The MLB is once again giving fans something they don’t want (I feel like I am yelling into the void sometimes). Baseball pushes the season start date up a few more days like it’s no big deal, when in reality they jeopardize one of the few things they have that no other professional sports league can even touch. And that’s Opening Day. Of course, other sports have some festivities around the first game day of the regular season. But when someone says the words “Opening Day”, you’re not thinking about football. You’re thinking about Spring. A sunny day at the ballpark. Perhaps you remember that Summer is just on the horizon. Opening Day is a brand unto itself. For some, it’s romantic. Nostalgic. There’s something hopeful about it, something special about getting lost in the anticipation of a brand new season.

And now, we buried this potential sporting gem in March. You know what Opening Day will be next year? A cool, cloudy afternoon. A game or two postponed due to weather. And a fan at home tuning in to a lethargic, half-full stadium and being instantly reminded that baseball is losing the arms race to football and basketball on the first bleeping day of a 162 game season. 

And let’s address season length too. There’s no need for 162 games. No need to destroy a branding opportunity such as Opening Day to fit in more contests nobody is going to watch anyways. Why not something like a 24 week season starting mid-April? Six games played per week, with every Monday serving as an off day. One entire week off for the All-Star break. The regular season ends in late September after 144 games. It’s not perfect, but it’s a start.

Besides a shortened, slightly more tolerable regular season for sports fans, the season would begin at a time that I think many more people would be receptive to. The weather would be better, for starters. Fans (especially casual fans) would be more ready to welcome Opening Day with open arms. And maybe this helps with other issues the league ACTUALLY seems to care about.
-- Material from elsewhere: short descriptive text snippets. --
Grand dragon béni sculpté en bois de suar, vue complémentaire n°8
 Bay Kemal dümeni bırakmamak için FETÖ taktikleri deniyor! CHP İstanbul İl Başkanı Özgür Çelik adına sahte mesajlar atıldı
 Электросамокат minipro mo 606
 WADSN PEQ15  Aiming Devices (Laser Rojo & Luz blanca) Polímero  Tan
Players aren’t marketed enough? Well, maybe if they weren’t playing 3-hour games 7 nights a week from March until September, Mike Trout might be more interested in being in a commercial or two. Shortening the season might entice the players to use a little extra free time to market themselves and the sport.

It’s all about the long term

At the end of the day, baseball is in the entertainment industry. The health of the product needs to come first. More games and an earlier season might mean more money for the league and its players. But money now doesn’t necessarily mean money later. Especially if the interest of fans continues to dwindle year over year.

So let’s shorten the season a bit. Let’s give players a little more room to breathe, fans a little more time to miss the sport, and Opening Day the chance to shine as one of the more unique annual events in sports. Less can be so much more.

Ryan Kelly lives in Cambridge, MA, a stone's throw away from his beloved Boston teams. When he is not working as an editorial assistant, he is providing commentary on the Boston Red Sox and Boston Bruins for The Turf.